START INPUT FOR THIS TASK

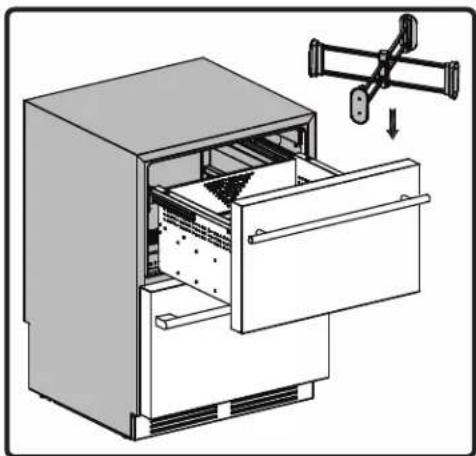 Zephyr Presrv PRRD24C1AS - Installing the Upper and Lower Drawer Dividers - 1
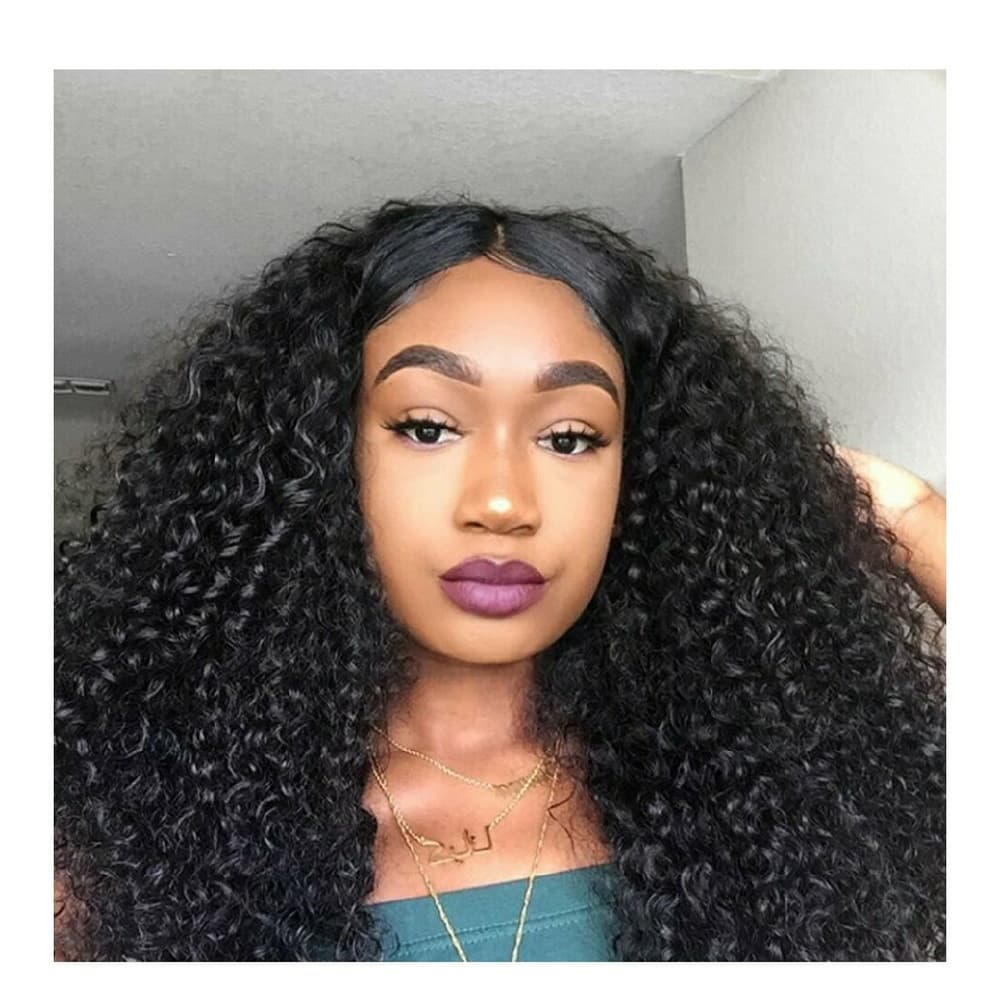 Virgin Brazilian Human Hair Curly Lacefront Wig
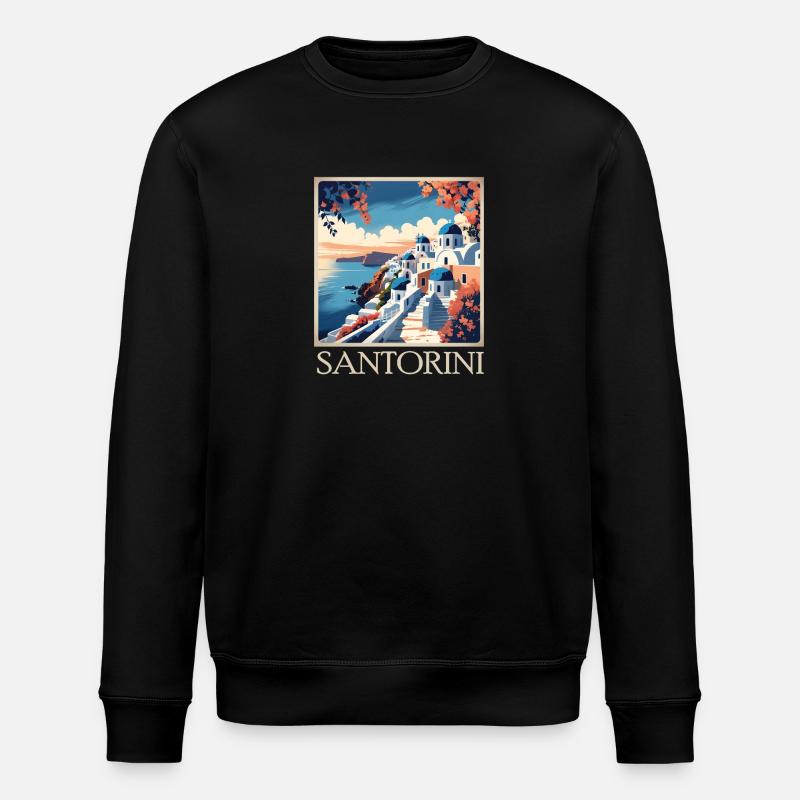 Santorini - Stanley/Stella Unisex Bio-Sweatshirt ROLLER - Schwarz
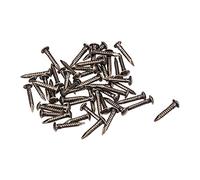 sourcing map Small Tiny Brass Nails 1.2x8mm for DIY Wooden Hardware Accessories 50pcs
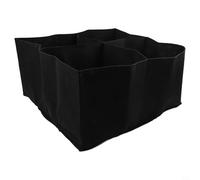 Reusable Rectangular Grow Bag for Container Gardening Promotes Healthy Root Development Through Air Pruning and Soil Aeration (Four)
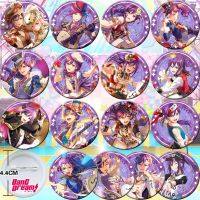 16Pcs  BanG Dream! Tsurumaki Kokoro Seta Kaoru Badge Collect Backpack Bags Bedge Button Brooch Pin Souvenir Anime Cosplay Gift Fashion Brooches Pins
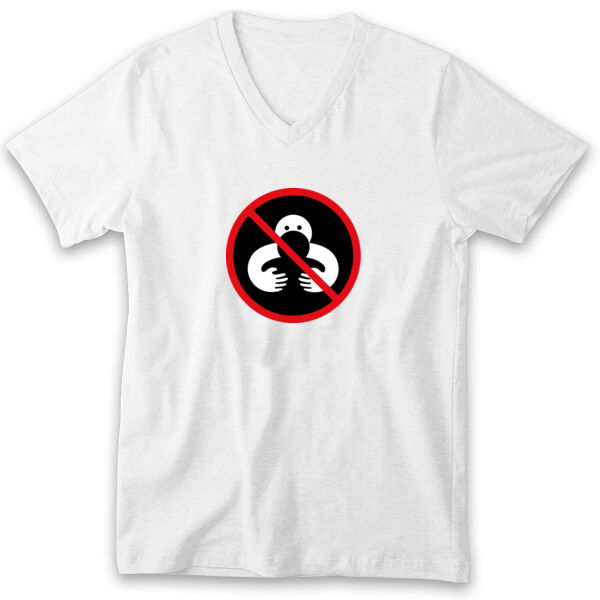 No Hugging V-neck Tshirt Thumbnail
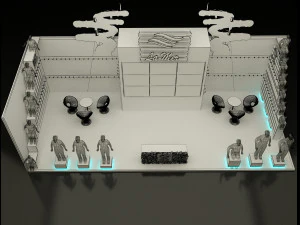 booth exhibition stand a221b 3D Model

END INPUT FOR THIS TASK

All of the preceding material should be output verbatim, with the pictures excluded.

PROBLEM SOLUTION:
 Zephyr Presrv PRRD24C1AS - Installing the Upper and Lower Drawer Dividers - 1
 Virgin Brazilian Human Hair Curly Lacefront Wig
 Santorini - Stanley/Stella Unisex Bio-Sweatshirt ROLLER - Schwarz
 sourcing map Small Tiny Brass Nails 1.2x8mm for DIY Wooden Hardware Accessories 50pcs
 Reusable Rectangular Grow Bag for Container Gardening Promotes Healthy Root Development Through Air Pruning and Soil Aeration (Four)
 16Pcs  BanG Dream! Tsurumaki Kokoro Seta Kaoru Badge Collect Backpack Bags Bedge Button Brooch Pin Souvenir Anime Cosplay Gift Fashion Brooches Pins
 No Hugging V-neck Tshirt Thumbnail
 booth exhibition stand a221b 3D Model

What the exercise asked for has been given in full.